Le 49.3, article controversé de la Constitution française dégainé par le gouvernement pour faire passer en force à l'Assemblée sa réforme des retraites, et l'intervention mercredi du président de la République Emmanuel Macron n'ont pas refroidi les ardeurs des opposants.

"On sent qu'il y a un élan extrêmement fort de la population, une opinion publique qui est largement convaincue et donc voilà, tant qu'il y a un calendrier qui nous permet d'agir, on est mobilisé", a commenté Marylise Léon, numéro deux du syndicat CFDT.

Les syndicats ont donné à nouveau rendez-vous mardi aux manifestants et grévistes, et des rassemblements de proximité sont prévus ce week-end. Rassurés par les chiffres de la mobilisation, ils ont été aussi ragaillardis par des cortèges où les jeunes sont manifestement venus plus nombreux.

La violence, qui n'avait jusqu'ici été que sporadique, a également fait une entrée en scène spectaculaire dans le jeu entre le gouvernement et les syndicats.

Porte de la mairie de Bordeaux (sud-ouest) incendiée, "scènes de chaos" dénoncées par la maire de Rennes (ouest), canons à eau à Lille (nord) et Toulouse (sud-ouest), manifestante avec un pouce arraché à Rouen (nord-ouest), commissariat pris pour cible à Lorient (ouest) etc. Les violences sont montées d'un cran presque partout. "Inacceptables", a jugé la Première ministre Elisabeth Borne.

Pas de porte de sortie

A Paris, des violences ont éclaté en tête de la manifestation avec leur lot de vitrines brisées et de mobilier urbain détruit, et des incidents se sont poursuivis en soirée dans le sillage de cortèges dits "sauvages". A rebours d'un défilé où la grande majorité des manifestants a marché pacifiquement.

Feux de poubelle, sirènes et gyrophares ont strié une nuit où des grappes de manifestants ont joué au chat et à la souris avec les forces de l'ordre.

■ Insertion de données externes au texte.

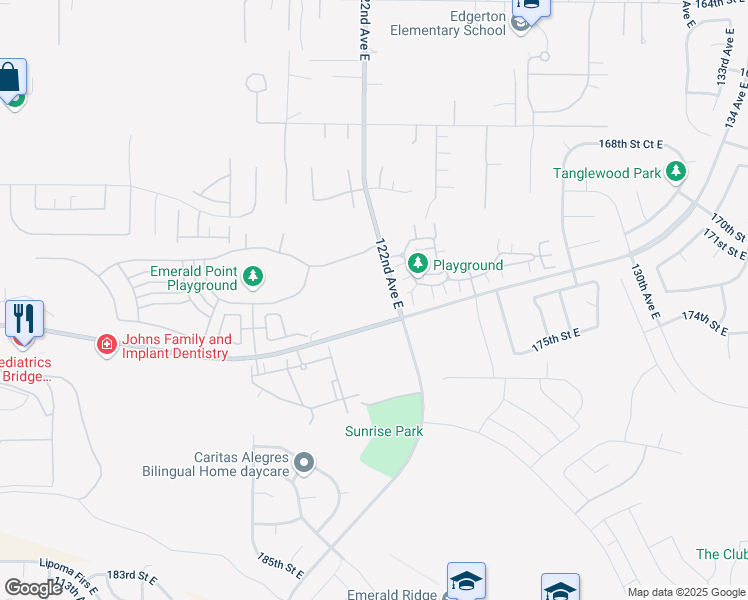 map of restaurants, bars, coffee shops, grocery stores, and more near 17424 122nd Avenue East in Puyallup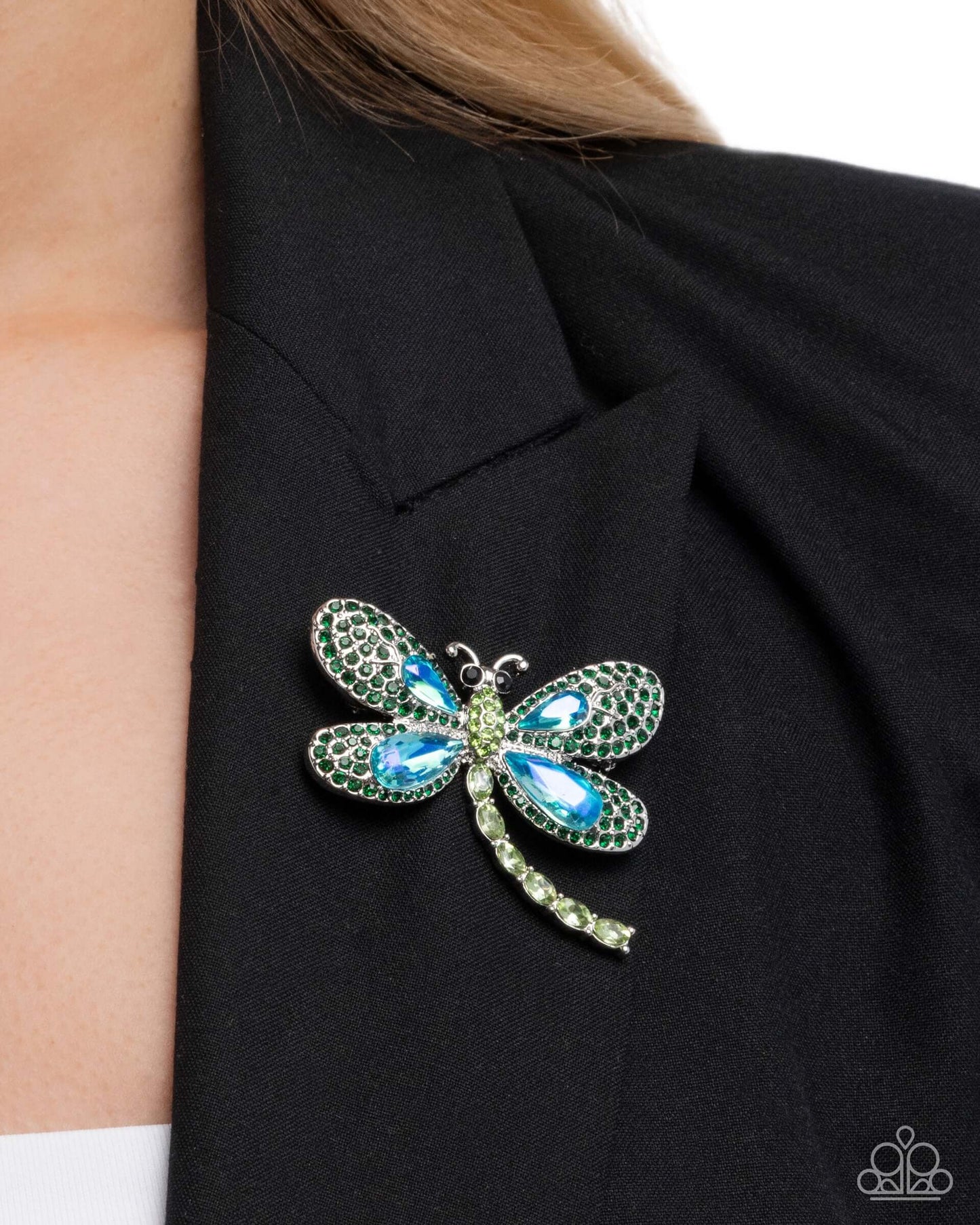 Divine Dragonfly - Green Paparazzi Brooch Accessories,Brooch,Dragonfly,Green,Silver Accents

Le ministre de l'Intérieur Gérald Darmanin a fait état de 172 interpellations en France, et de 149 blessés dans les rangs des forces de l'ordre, selon un bilan provisoire donné vers 22H00 (21H00 GMT). La préfecture de police de Paris a fait état de 103 personnes interpellées dans la capitale.

"La stratégie de l'exécutif, "c'est une stratégie minoritaire de faire pourrir un mouvement social et de faire peur aux gens en employant la violence, et j'ose parler de violences policières", selon Catherine Perret, secrétaire confédérale du syndicat CGT.

Des manifestations d'écologistes prévues ce week-end dans l'ouest du pays et la venue du roi Charles III la semaine prochaine en France en pleine crise sociale promettent en tout cas un sacré défi pour un exécutif décidé à jouer l'ordre.

Le gouvernement reste inflexible sur sa réforme. Emmanuel Macron, qui était jeudi à Bruxelles pour un sommet européen, avait la veille défendu bec et ongles une réforme "nécessaire" pour les finances publiques, assumant son "impopularité".

A l'issue de ce nouvel épisode d'un conflit dont aucun camp ne semble chercher une sortie, les responsables politiques de gauche ont invité jeudi les Français à amplifier encore la contestation contre la réforme des retraites.

Le secrétaire national du Parti communiste français Fabien Roussel a appelé à "mettre le pays à l'arrêt", et le leader de la gauche radicale Jean-Luc Mélenchon à "jeter toutes les forces dans la bataille".

Pour la cheffe de l'extrême droite Marine Le Pen, finaliste malheureuse de la dernière présidentielle, "Emmanuel Macron ne peut plus gouverner seul, il doit désormais en revenir au peuple".